Das Ergebnis vor Zinsen, Steuern und Firmenwertabschreibungen (EBITA) fiel von 502 auf 318 Mio. Euro. 68 Prozent des Umsatzrückgangs seien mit Einsparungen im Wert von 198 Mio. Euro vor allem bei Programmkosten wieder aufgefangen worden, sagte RTL-Chef Gerhard Zeiler.

Der Sparkurs werde aber auch im zweiten Halbjahr gehalten, betonte er ohne Zielvorgaben zu nennen. Die Absicht sei es, die im ersten Halbjahr noch einmal gestiegenen Marktanteile bei den Zuschauern trotz des Kostendrucks zu halten. Investitionen in erfolgreiche Internetaktivitäten sowie in den Produktionsarm Fremantle Media ("American Idol") gingen weiter. Auch in neue Technologien wie das hochauflösende Fernsehen HDTV will Zeiler weiter investieren.
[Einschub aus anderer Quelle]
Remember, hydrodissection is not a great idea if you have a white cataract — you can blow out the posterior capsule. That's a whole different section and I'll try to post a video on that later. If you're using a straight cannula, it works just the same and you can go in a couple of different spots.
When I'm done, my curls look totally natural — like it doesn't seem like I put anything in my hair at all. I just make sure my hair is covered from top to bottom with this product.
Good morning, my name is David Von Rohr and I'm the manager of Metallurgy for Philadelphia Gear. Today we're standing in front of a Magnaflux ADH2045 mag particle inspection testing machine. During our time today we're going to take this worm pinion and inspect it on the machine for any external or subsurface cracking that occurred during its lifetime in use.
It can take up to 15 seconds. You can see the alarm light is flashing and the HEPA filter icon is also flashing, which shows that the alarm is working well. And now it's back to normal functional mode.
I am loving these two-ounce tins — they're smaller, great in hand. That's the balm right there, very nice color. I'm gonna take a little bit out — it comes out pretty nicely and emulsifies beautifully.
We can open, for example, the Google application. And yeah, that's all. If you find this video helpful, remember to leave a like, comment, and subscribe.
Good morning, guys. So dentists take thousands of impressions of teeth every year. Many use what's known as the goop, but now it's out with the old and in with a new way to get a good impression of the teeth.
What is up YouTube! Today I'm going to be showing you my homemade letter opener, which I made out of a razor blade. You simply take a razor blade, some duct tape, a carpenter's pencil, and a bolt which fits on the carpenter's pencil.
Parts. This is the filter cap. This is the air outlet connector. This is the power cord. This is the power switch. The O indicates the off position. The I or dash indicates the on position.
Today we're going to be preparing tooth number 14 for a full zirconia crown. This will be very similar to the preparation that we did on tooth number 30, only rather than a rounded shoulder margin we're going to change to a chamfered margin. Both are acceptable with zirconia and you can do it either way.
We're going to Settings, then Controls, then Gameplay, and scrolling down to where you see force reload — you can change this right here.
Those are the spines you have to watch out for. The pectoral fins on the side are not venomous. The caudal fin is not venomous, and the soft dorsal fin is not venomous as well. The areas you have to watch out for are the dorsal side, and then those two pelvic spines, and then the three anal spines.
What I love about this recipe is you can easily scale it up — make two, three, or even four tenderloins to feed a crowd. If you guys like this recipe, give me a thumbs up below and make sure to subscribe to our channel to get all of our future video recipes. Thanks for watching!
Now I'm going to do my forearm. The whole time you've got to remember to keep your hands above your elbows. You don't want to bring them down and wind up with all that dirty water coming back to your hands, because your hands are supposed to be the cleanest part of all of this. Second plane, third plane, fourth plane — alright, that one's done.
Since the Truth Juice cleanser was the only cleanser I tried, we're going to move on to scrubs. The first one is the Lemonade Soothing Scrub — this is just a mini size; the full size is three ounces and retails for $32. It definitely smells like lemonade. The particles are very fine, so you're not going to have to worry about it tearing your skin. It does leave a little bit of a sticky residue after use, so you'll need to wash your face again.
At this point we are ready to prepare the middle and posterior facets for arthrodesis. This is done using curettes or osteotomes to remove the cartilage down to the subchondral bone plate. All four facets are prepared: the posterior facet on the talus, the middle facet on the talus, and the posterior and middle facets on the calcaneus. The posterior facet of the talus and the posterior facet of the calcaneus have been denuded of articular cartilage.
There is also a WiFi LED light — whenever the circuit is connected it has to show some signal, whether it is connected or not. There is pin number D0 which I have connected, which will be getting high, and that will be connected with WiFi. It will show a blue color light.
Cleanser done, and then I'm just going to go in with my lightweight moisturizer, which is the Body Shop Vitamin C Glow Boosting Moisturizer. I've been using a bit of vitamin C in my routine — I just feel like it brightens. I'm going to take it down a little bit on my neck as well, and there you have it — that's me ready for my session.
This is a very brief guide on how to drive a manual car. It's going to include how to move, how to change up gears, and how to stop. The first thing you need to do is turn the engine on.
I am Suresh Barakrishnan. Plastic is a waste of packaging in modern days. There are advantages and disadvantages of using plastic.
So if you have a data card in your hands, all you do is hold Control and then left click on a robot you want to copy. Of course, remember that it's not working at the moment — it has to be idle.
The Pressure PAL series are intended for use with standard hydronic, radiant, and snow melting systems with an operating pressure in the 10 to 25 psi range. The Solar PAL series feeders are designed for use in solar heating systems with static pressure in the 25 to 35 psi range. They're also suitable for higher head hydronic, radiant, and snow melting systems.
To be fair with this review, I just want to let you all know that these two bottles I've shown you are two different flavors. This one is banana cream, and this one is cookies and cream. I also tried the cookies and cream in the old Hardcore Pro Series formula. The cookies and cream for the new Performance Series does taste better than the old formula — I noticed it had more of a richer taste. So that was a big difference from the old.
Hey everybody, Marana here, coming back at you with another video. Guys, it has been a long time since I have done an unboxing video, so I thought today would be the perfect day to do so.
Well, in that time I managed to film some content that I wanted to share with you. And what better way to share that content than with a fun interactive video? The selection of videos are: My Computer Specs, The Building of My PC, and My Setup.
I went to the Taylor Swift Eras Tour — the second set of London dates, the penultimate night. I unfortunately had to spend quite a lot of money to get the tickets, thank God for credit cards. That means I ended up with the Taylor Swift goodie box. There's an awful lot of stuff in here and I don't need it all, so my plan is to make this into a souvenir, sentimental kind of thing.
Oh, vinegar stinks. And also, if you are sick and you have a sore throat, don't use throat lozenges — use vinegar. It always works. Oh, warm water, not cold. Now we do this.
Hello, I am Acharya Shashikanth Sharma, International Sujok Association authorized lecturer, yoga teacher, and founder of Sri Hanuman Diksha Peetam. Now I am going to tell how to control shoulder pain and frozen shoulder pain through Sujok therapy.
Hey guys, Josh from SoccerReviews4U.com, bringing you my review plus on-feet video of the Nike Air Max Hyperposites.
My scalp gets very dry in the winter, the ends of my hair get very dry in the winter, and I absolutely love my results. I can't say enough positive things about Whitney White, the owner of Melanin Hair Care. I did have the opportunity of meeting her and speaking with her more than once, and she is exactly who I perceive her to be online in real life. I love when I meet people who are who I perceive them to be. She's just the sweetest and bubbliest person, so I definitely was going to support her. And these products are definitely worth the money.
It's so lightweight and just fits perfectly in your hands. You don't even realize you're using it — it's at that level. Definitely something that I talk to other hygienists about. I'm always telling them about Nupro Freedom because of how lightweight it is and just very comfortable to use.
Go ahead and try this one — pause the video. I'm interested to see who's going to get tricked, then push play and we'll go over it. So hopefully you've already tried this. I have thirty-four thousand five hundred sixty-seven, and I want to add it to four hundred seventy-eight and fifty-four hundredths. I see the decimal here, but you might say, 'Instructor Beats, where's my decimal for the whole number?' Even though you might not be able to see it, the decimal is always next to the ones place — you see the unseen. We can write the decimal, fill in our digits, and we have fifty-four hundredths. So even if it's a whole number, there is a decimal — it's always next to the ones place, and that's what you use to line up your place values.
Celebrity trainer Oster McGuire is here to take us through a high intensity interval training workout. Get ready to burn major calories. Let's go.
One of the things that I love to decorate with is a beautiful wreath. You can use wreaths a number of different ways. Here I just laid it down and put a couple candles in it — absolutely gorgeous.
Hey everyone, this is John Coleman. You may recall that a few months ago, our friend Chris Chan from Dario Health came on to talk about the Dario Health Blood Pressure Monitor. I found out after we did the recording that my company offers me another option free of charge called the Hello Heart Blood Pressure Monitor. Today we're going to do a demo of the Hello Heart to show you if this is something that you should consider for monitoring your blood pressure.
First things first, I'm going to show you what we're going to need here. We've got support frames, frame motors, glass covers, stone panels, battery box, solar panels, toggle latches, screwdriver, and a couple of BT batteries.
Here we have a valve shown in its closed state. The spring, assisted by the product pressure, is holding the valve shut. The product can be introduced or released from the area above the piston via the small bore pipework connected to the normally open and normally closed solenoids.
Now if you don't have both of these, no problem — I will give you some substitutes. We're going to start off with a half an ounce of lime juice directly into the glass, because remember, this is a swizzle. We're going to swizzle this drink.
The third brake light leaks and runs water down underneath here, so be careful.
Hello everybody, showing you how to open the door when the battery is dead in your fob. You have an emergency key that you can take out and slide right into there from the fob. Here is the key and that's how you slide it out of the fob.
Unter dem Strich blieb wegen hoher Firmenwertabschreibungen vor allem auf die britische Tochter Five und den schwer von der Werbeflaute getroffenen griechischen Sender Alpha im Konzern ein Nettoverlust von 62 Mio. Euro.

Zum gleichen Zeitpunkt des Vorjahres hatte RTL mit seinen mehr als 70 Radio- und TV-Sendern in elf Ländern Europas und seinen weltweit agierenden TV- Produktionsfirmen 391 Mio. Euro Nettogewinn gemacht. "Ich bin davon überzeugt, dass am Ende dieses Jahres wieder ein Nettogewinn steht", sagte Zeiler. RTL gehört zu 90,3 Prozent zum Gütersloher Bertelsmann-Konzern.